Ignacio Vidal-Folch y Francesc-Marc Álvaro
Francesc-Marc Álvaro vigila su pienso
"En cuanto se instaló en el Congreso de los Diputados dejamos de oír hablar de él, de ahí la mayor claridad y menor toxicidad que en estos años se ha venido observando en la atmósfera en Cataluña"
Desde hacía algún tiempo, el aire que respiramos en Barcelona parecía ligeramente más liviano, menos cargado de toxinas de agriedad y de locura. “¿Qué pasa?”, nos decíamos, “¿qué pasa, que parece que se respira mejor?”. Y era que Francesc-Marc Álvaro, después de tirar todas las levitas convergentes habidas y por haber desde su plaza de cuota del partido en la prensa barcelonesa, después de ser el hombre que susurraba al oído de Artur Mas, se había pasado al lado de Junqueras, obteniendo escaño en el Congreso.
El autor de Per què hem guanyat, objeto de muchas befas y sarcasmos por publicar ese título cuando los separatistas embocaban el mayor fracaso y ridículo de la democracia (la independencia de los nueve segundos y la subsiguiente fuga de capitales, resuelta con la paliativa, misericordiosa aplicación del 155 y la cárcel para los golpistas), podía no ser muy clarividente, pero en realidad sí había ganado.
Ya que, con un sencillo cambio de chaqueta, ¡hale, hop!, se aseguró un buen sueldo a cargo de los presupuestos del Estado, y pudo dejar atrás sus laboriosos análisis en la prensa diaria, estomagantes y ya tan desacreditados. Debió decirse, tarareando íntimamente la canción de Paolo Conte: La faccia è salvata, la minestra è sicura.

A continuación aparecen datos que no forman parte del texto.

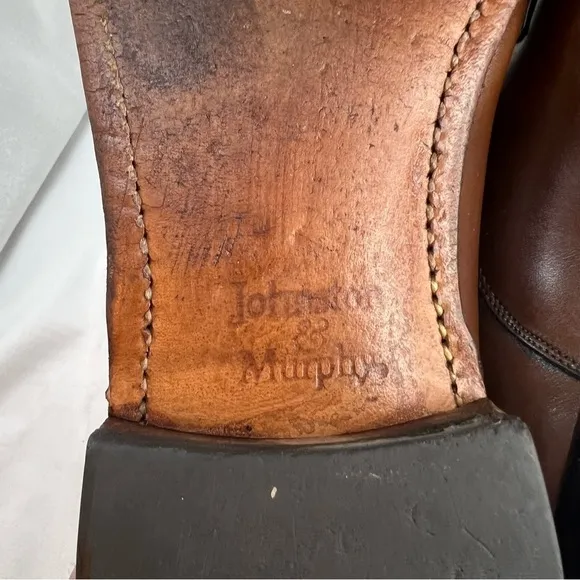 Johnston &amp; Murphy Tan Tumbled Full Grain Hawthorn Cap Toe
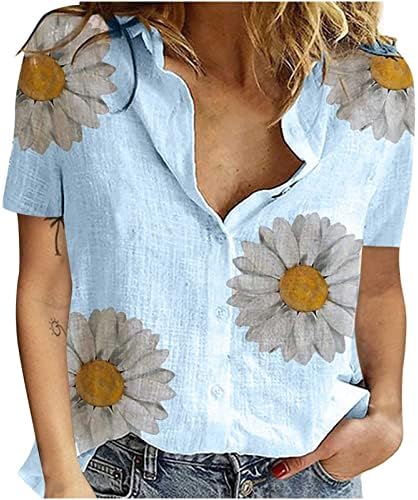 Meninas camisa de manga curta outono verão 2023 Roupas Butalho de ajuste regular para baixo Tee de blusa casual para mulheres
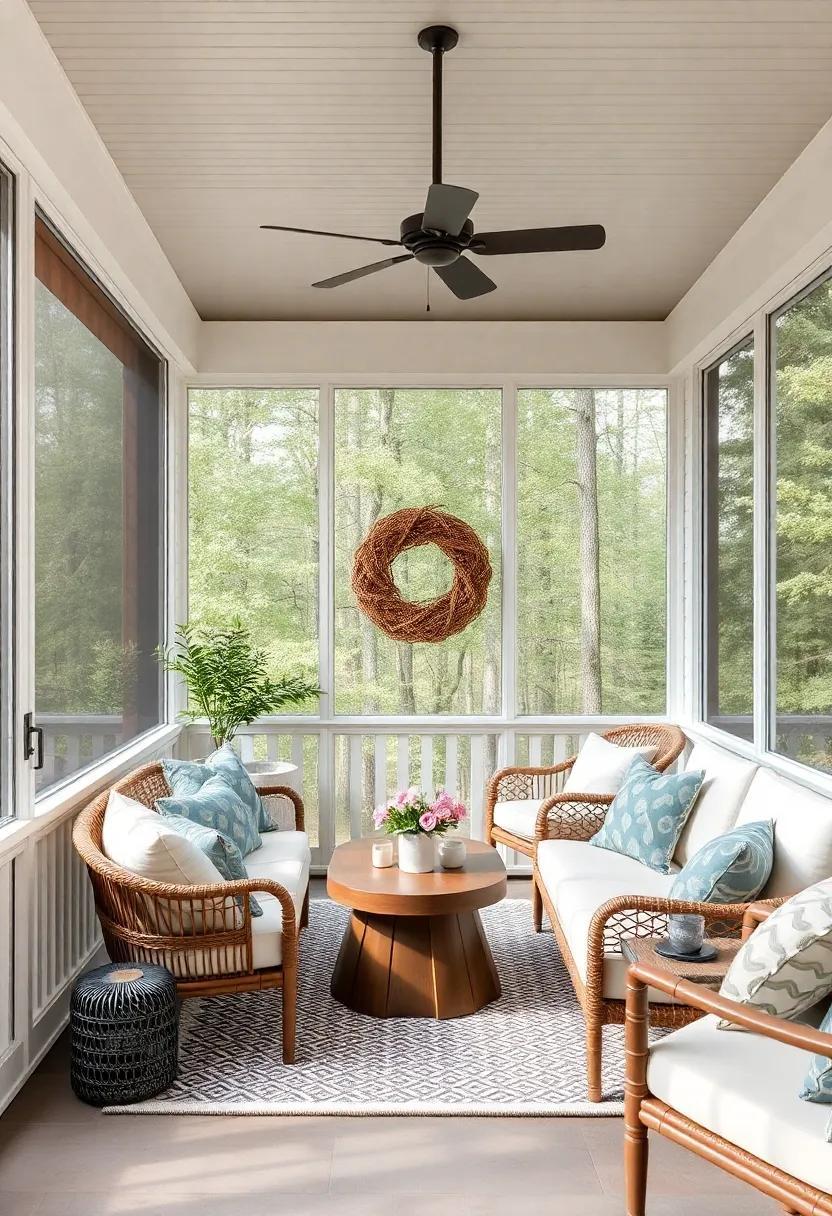 Transform Your Screened Porch: Cozy Inspirations with Soft Furnishings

En cuanto se instaló en el Congreso de los Diputados dejamos de oír hablar de él, de ahí la mayor claridad y menor toxicidad que en estos años se ha venido observando en la atmósfera en Cataluña. En Madrid tampoco ha hecho ningún daño significativo, pues se ha limitado a comer il minestrone, cucharada a cucharada. La voz y la cara del grupo es, como es notorio, Rufián.

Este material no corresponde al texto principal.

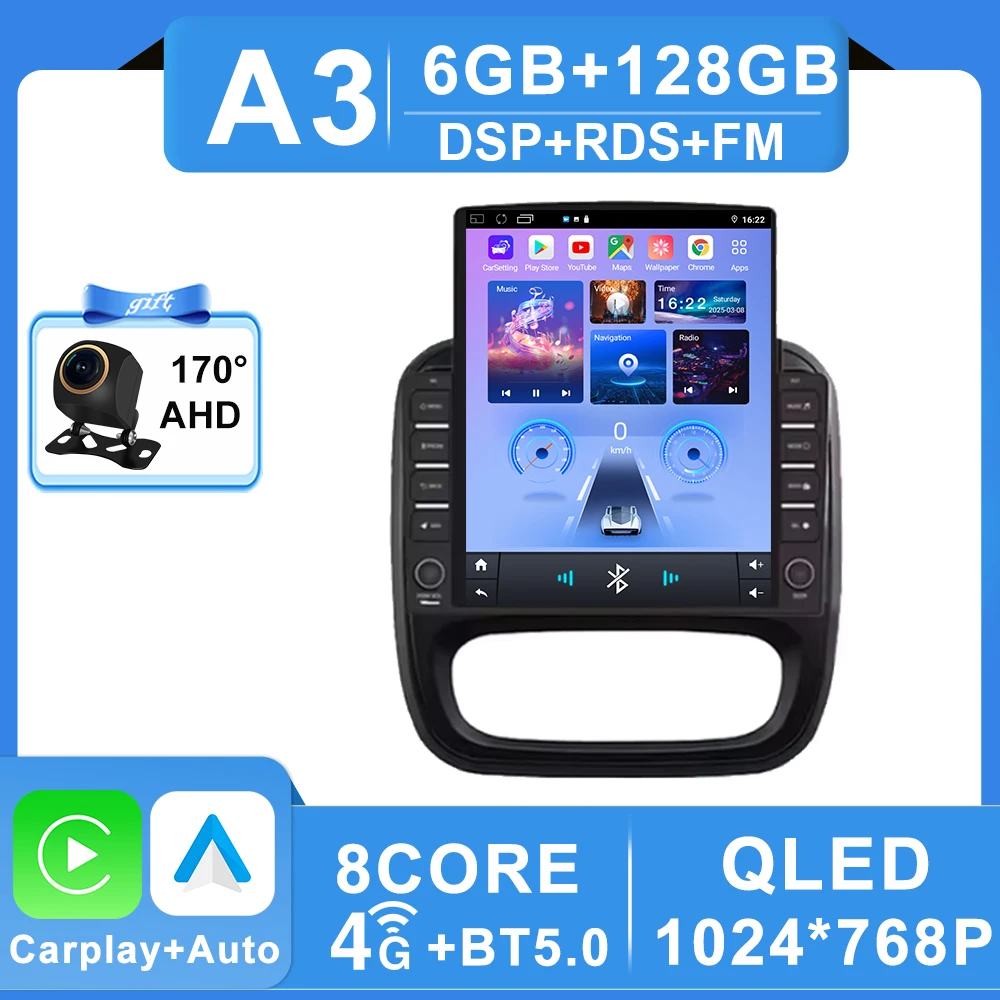 9.7 inch Auto Android Voor Renault Trafic 3 14-21 Voor Opel Vivaro B2 din Carplay GPS Navigatie intelligente Systeem Touchscreen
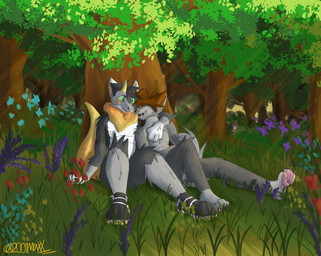 against_natural_surface against_surface against_tree anthro being_watched blep branch brown_hair duo eyes_closed feral flower forest fur grass grey_body grey_fur hair hand_on_chest happy horn leaning_on_another leaning_on_shoulder light looking_at_another looking_at_partner looking_from_afar lurking male on_grass on_ground open_mouth partners pawpads pink_pawpads pink_tongue plant relationship sitting tongue tongue_out tree 2001maxx conditional_dnp mythology dawnsnout_smootheye maxx_(2001maxx) canid canine canis domestic_dog dragon husky jellydragon mammal mythological_creature mythological_scalie nordic_sled_dog scalie spitz wolf absurd_res detailed hi_res huge_filesize lighting shaded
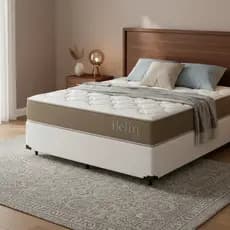 Cama Box com Colchão de Espuma D33 Double Face Belin Casal 138cm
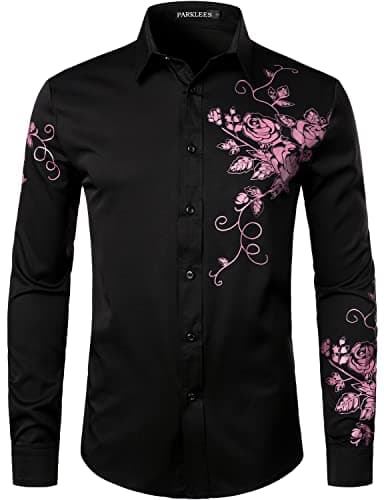 Image of PARKLEES Men's Hipster Rose Floral Print Design Slim Fit Long Sleeve Button Up Party Dress Shirt Black Pink XXL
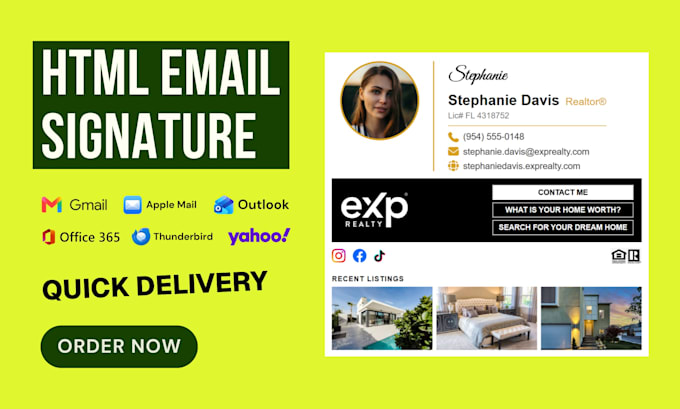 design a clickable HTML email signature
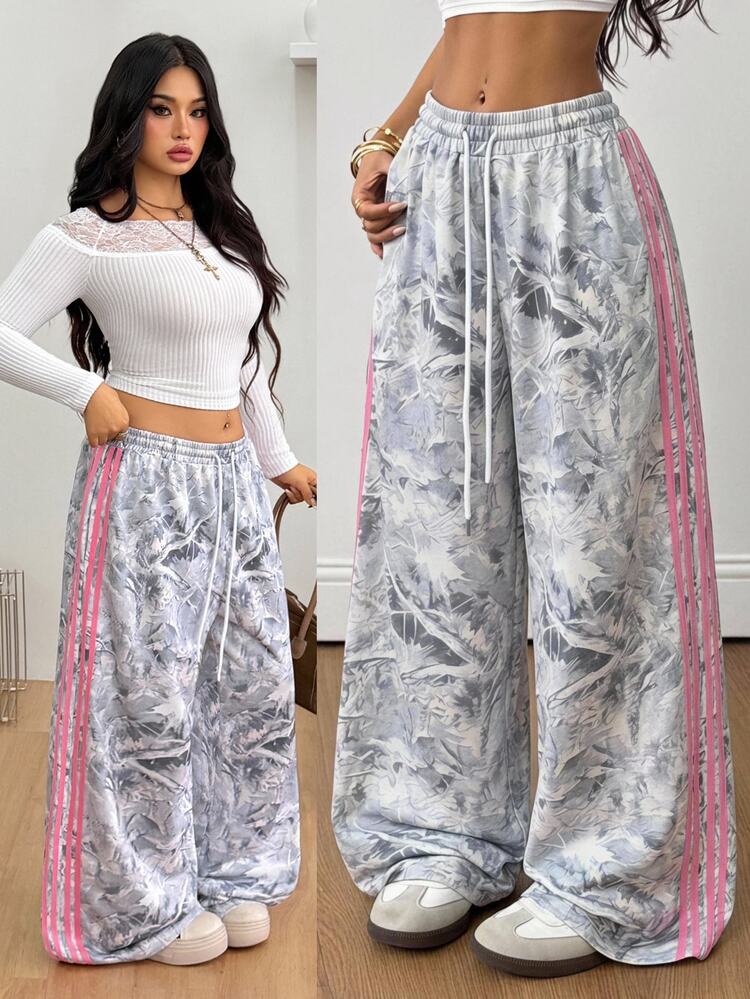 Coolane Women's Men's Plus Size Fall Winter Streetwear Casual Gym Woven Tape Baggy Mid Rise Wide Leg Elastic Waistband Leaf Print Contrast Stripe Sweatpants - Multicolor - View 5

Este tampoco es que sea una eminencia, pero blande fotocopiadoras y esposas policiales, insulta a troche y moche, en fin, arma barullo non stop y además, como dijo su padrino Joan Tardà, “es un tuitero de cojones”, habilidad con la que gana titulares que es un contento.
Ahora bien, para la próxima legislatura, el tuitero de cojones reclama no solo conservar el cargo, sino además carta blanca en la selección del personal del partido para el Congreso. Como esto la dirección no parece dispuesta a dárselo, tira de la cuerda, amaga con romperla, monta grandes debates con otros líderes de la izquierda española, expone tácticas de posibles coaliciones sin consensuarlas con ella.

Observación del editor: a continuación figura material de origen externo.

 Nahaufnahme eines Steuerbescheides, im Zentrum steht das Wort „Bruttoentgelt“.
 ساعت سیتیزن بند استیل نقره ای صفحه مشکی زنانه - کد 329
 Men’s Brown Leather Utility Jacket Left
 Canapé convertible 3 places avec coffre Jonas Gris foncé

Rebus sic stantibus, o sea, viendo peligrar la menestra y el cocidito madrileño (pues si Rufián decide, Álvaro va fuera), Álvaro ha salido del refectorio y a la voz de “¡Con las cosas de comer no se juega!” planta batalla. Creando una asociación llamada Esquerra Democràtica, cuyo “ilusionante” programa va exponiendo estos días por salas de actos y emisoras radiofónicas y televisivas. ¡Es un duelo de titanes ercos!
Como explicaba en Crónica Global Àlex Cárcel el pasado día 29 de junio, el propósito de Esquerra Democràtica es uncir a la órbita de ERC a cargos huérfanos o desencantados de Junts que ven que con Puigdemont la nave no va a ninguna parte y ellos al paro.
En esas comparecencias públicas y entrevistas, Álvaro repite mantras que, la verdad, suenan un poco trasnochados. Como “Cataluña necesita una esperanza colectiva”. ¡Hombre, otra vez con esas, no! Esta gente que se ha vuelto de repente tan antigua no se cansa de ofrecer y prometer “ilusiones” y “esperanzas” colectivas.
Algún amigo debería recordarle a Bocatorta que la época de la retórica de las bellas abstracciones con que se podía embaucar al personal ha pasado a la historia. Suena cansina. Estamos vacunados. O, como se decía hasta hace unos años, “hemos pasado pantalla”.
En el fondo el mismo Álvaro lo sabe, y de ahí que, curándose en salud, diga también: “No queremos una Cataluña profética y estética”. Insinuando con ello que más vale volver a la época de Pujol, su peix al cove y sus visiones de horizontes de grandeza a los que en realidad no hacía falta llegar.
¿Una Cataluña profética y estética? Desde luego que el autor de un título tan aciago como Per què hem guanyat puede postularse como ebanista, como congresista, como catador de menestras… o como lo que quiera, de cualquier cosa salvo de profeta.
En cuanto a la estética… vamos a dejarlo.